Posted on:2009-06-28Degree:Ph.DType:Dissertation
University:University of Alberta (Canada)Candidate:Zhao, BeiFull Text:PDF
GTID:1441390002999980Subject:Engineering
Abstract/Summary:
The propensity of asphaltenes to aggregate can cause severe coke deposition problems during catalytic hydroprocessing of heavy oils. Numerous studies on this subject have been performed. However, asphaltene aggregate size is an uncontrolled and unexplored and potentially important variable.;Athabasca bitumen and Maya crude were filtered through commercial nano ceramic membranes to separate asphaltene aggregates by size in their native media without dilution. Two distinct nanostructures, one enriched in pentane asphaltenes and one enriched in mineral matter, were identified. The asphaltene-rich nanostructures are polydispersed with a broad size distribution extending from less than 5 nm to more than 100 nm.
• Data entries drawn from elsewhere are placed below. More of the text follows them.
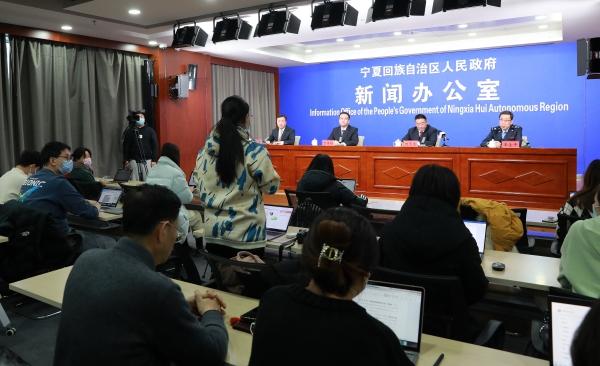自治区政府新闻办举行新闻发布会宁夏区税务局副局长王金平回答记者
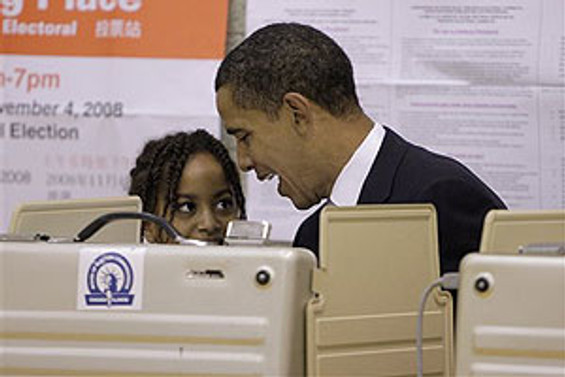 Obama, tarihi seçimde oyunu kullandı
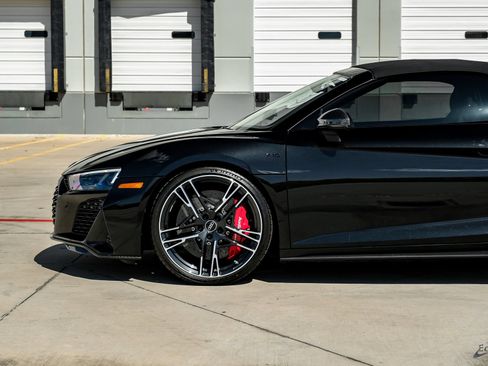 Used 2022 Audi R8 V10 performance AWD/4WD image 11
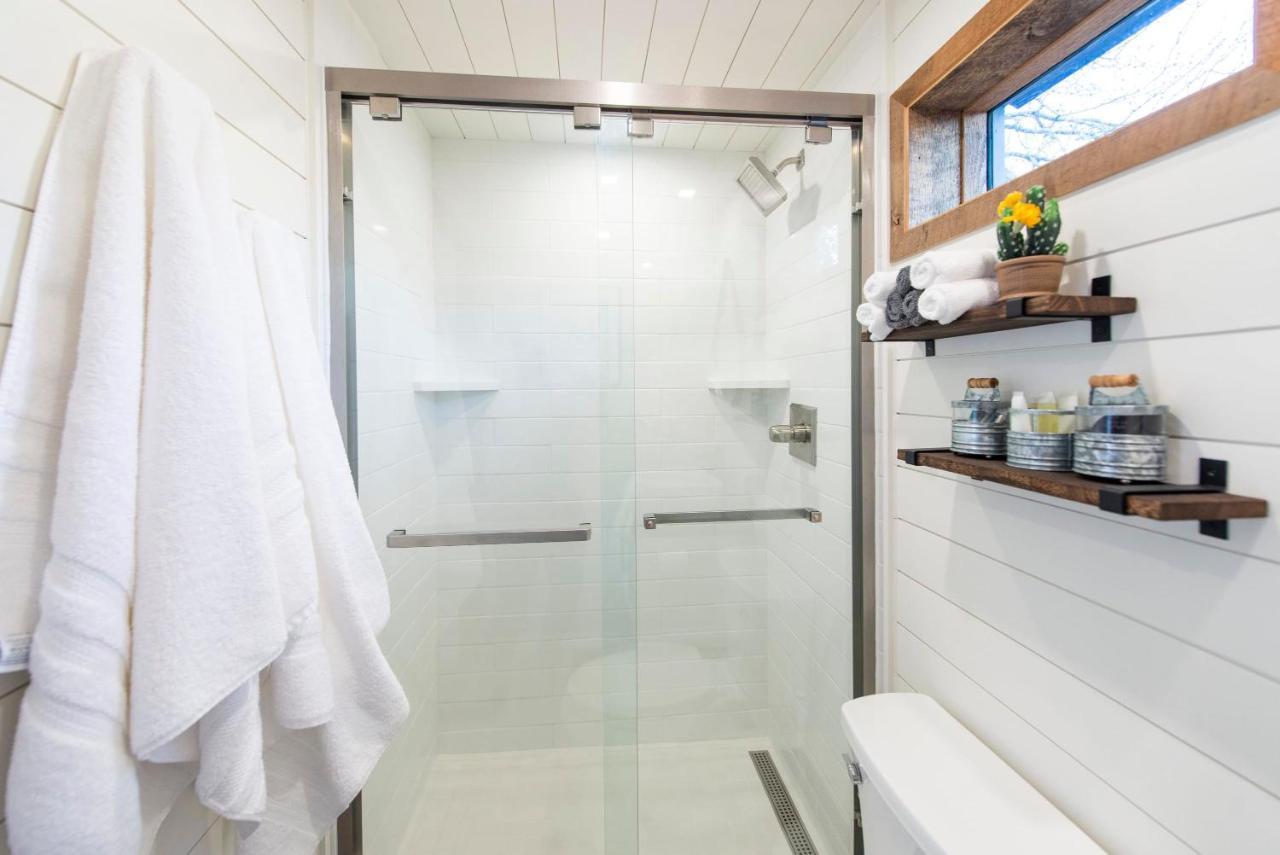 Villa New The Lone Star Shipping Container Fredericksburg Esterno foto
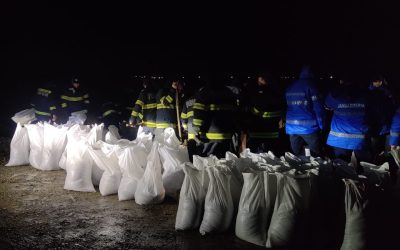 Vrancea, sub ape: Un om salvat, 160+ refuză evacuarea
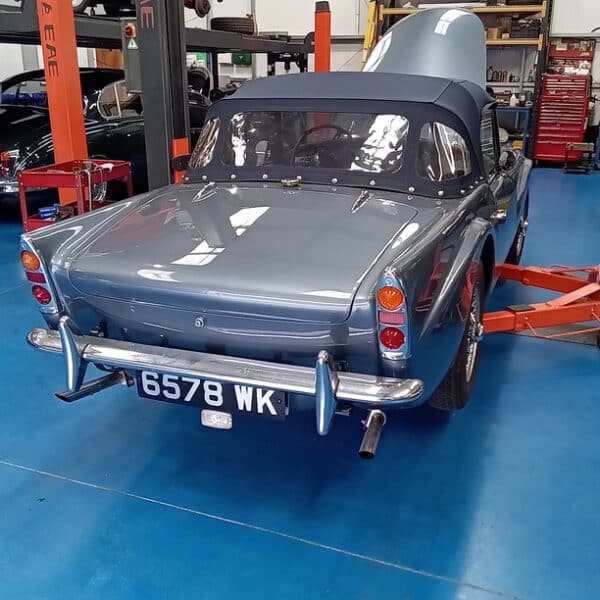 011025 1963 Daimler Dart SP250 Service and Repairs 9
Their composition is independent of size and they do not associate preferentially at 473 K with other constituents, such as mineral matter or resins in native feeds, as prevalent notions suggest.;Coke deposition experiments were conducted in a 15 mL batch reactor on a commercial hydroprocessing catalyst NiMo/gamma-Al2O3 at 653 K for 2 h at a 30:1 feed to catalyst ratio (weight basis). Two sets of experiments were performed: one with feedstock, permeates, and retentates of Athabasca bitumen and Maya crude oil focused on the impact of asphaltene aggregate size on coke deposition; the other with Athabasca bitumen diluted with n-dodecane, n-decane or 1-methylnaphthalene to investigate the interplay among thermophysical properties in mixtures at diverse length scales in hydroprocessing environment.;Coke deposition outcome is shown to be a combination of mixture properties at the macroscopic scale (the number, nature, and composition of phases present), the nano scale (asphaltene nanoaggregation within phases) and the molecular scale (hydrogen solubility by phase). Asphaltene-rich nanoaggregate size and maltene composition are shown to play secondary roles in coke deposition. Elemental analyses of sectioned catalyst pellets showed that coke deposition within pellets was diffusion limited, while vanadium deposition, arising primarily from the maltene fraction, was not diffusion limited. The findings suggest that prevalent asphaltene-rich nanostructure models and their chemistry be re-evaluated and underscore the need for the explicit incorporation of physical phenomena in the development of coke deposition models.